Wie Apple im Mac-Handbuch schreibt, zeigt eine durchgehend grün leuchtende LED an, dass die Batterie des MacBooks vollständig geladen ist. Bei einem individuell festgelegten Ladelimit ist dies also beim Erreichen desselben der Fall. Eine orange leuchtende Anzeige gibt an, dass die Batterie geladen wird – und das ist ja nach Erreichen des Limits nicht mehr so.
Nach dem jüngsten Systemupdate für Apple-Computer ergibt die Lade-LED also wieder Sinn.
Neu für Desktop-Macs: Einschalten bei Anschluss ans Stromnetz
Aber auch für die Desktopcomputer von Apple, also für den iMac, den Mac Studio und den Mac mini, gibt es ab macOS 26.5 eine neue Energie-Option.

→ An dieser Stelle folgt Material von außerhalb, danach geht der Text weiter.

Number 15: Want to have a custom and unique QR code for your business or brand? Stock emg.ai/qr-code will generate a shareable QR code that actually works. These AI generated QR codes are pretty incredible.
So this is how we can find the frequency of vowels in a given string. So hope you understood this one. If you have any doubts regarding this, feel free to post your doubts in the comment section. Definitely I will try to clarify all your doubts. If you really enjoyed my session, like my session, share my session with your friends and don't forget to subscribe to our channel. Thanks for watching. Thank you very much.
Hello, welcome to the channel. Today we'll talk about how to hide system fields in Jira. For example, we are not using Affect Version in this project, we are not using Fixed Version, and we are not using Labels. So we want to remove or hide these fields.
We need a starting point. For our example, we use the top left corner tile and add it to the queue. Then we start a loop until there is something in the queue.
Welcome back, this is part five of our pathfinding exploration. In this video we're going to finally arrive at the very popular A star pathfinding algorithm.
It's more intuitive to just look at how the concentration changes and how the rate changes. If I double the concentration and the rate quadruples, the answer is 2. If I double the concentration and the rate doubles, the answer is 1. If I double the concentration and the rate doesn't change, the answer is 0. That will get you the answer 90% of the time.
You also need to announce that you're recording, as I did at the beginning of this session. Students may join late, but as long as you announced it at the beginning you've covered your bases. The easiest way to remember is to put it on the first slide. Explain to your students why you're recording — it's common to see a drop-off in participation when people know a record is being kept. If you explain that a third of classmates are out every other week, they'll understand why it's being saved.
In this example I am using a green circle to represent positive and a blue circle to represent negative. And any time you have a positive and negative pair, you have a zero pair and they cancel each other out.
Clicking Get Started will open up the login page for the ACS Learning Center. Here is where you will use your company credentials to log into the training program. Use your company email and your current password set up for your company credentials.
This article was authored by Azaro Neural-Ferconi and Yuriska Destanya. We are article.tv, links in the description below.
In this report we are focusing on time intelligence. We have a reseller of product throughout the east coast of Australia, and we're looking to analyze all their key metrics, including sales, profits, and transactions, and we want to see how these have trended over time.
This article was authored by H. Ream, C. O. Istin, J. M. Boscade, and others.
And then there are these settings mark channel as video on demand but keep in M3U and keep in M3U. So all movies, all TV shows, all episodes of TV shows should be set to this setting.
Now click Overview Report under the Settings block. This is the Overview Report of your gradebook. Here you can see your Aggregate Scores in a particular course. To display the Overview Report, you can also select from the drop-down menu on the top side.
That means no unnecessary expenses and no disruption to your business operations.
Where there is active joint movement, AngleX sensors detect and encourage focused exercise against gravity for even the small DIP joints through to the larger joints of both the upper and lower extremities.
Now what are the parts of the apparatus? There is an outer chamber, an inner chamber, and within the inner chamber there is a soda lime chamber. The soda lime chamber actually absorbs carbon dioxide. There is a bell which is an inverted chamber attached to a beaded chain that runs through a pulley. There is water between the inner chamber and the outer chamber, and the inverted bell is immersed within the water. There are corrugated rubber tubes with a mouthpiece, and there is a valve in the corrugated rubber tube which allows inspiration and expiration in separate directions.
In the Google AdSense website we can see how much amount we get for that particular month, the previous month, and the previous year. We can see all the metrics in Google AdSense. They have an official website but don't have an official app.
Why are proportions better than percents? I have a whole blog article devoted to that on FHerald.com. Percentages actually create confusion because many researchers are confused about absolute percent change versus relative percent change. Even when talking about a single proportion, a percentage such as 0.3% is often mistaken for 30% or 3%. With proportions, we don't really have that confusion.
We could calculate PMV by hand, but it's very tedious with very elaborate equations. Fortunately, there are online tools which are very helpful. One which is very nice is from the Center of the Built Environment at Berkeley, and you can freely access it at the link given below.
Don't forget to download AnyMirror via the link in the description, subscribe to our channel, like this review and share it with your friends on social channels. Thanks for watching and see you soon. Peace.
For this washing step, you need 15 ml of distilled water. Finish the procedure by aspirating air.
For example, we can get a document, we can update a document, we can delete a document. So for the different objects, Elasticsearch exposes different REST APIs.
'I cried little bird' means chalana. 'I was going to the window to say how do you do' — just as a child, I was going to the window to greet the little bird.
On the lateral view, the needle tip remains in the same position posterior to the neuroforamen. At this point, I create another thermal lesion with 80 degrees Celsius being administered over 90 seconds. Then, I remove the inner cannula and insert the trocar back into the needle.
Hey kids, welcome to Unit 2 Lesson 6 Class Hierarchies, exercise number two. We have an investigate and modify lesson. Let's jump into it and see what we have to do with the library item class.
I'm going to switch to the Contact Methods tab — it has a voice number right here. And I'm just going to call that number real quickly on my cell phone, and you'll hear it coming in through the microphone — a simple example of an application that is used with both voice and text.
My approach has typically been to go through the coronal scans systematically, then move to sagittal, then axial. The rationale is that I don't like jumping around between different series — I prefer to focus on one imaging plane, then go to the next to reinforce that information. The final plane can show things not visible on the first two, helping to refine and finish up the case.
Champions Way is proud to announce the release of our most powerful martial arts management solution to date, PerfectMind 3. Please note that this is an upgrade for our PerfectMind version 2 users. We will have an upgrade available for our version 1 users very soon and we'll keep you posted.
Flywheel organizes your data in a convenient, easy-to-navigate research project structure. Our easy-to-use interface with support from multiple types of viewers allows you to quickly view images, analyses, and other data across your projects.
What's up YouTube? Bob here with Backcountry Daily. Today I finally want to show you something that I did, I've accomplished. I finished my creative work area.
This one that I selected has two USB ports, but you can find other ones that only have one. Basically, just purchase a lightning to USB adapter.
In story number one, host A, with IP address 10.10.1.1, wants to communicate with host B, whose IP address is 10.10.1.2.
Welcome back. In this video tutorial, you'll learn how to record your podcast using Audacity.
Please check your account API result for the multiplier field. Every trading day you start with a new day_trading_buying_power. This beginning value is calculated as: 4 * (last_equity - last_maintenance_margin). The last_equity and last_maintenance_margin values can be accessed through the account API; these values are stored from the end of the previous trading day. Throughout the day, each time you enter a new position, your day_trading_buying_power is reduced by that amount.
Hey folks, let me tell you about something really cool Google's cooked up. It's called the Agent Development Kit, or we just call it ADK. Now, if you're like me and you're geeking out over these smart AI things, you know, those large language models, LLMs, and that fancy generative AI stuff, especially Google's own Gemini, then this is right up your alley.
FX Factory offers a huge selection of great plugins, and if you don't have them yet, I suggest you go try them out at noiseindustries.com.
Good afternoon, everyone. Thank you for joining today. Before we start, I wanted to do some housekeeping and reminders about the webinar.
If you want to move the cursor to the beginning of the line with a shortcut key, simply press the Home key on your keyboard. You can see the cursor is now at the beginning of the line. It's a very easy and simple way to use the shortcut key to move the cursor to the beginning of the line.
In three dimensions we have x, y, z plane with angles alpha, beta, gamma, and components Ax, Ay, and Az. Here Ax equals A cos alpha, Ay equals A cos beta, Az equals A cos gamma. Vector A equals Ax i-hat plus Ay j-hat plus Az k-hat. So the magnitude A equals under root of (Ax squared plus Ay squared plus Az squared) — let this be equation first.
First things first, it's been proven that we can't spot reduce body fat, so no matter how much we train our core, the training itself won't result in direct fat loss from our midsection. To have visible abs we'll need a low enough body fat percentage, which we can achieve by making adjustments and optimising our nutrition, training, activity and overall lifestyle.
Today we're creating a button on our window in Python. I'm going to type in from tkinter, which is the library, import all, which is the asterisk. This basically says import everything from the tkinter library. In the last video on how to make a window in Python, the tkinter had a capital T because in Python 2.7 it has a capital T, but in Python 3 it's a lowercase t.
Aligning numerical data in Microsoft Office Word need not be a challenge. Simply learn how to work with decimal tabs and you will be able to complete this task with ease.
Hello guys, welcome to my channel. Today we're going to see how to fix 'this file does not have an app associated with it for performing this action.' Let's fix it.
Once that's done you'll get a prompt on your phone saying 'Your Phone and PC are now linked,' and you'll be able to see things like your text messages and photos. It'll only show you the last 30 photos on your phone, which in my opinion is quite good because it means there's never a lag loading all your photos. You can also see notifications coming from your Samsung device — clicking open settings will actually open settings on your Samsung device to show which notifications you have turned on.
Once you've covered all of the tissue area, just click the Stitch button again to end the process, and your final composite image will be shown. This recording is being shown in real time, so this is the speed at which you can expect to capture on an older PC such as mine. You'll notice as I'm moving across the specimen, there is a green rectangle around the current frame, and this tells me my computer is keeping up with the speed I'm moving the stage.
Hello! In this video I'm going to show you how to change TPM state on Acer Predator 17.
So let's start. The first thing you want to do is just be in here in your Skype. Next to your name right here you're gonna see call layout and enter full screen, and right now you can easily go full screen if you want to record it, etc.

Dank dieser wird der Mac eingeschaltet, sobald er ans Stromnetz angeschlossen wird. Vor allem beim Mac mini kann das hilfreich sein, da dessen Power-Button ungünstig an der Geräteunterseite angebracht ist.
Allerdings steht die neue Option für das Einschalten bei der Verbindung mit der Stromversorgung nur für aktuellere Modelle der Apple-Desktopcomputer bereit: für den iMac von 2024 oder neuer, für den Mac mini von 2024 oder neuer sowie für den Mac Studio von 2025 oder neuer. Hier muss man also darauf achten, welchen Jahrgang der Computer man nutzt.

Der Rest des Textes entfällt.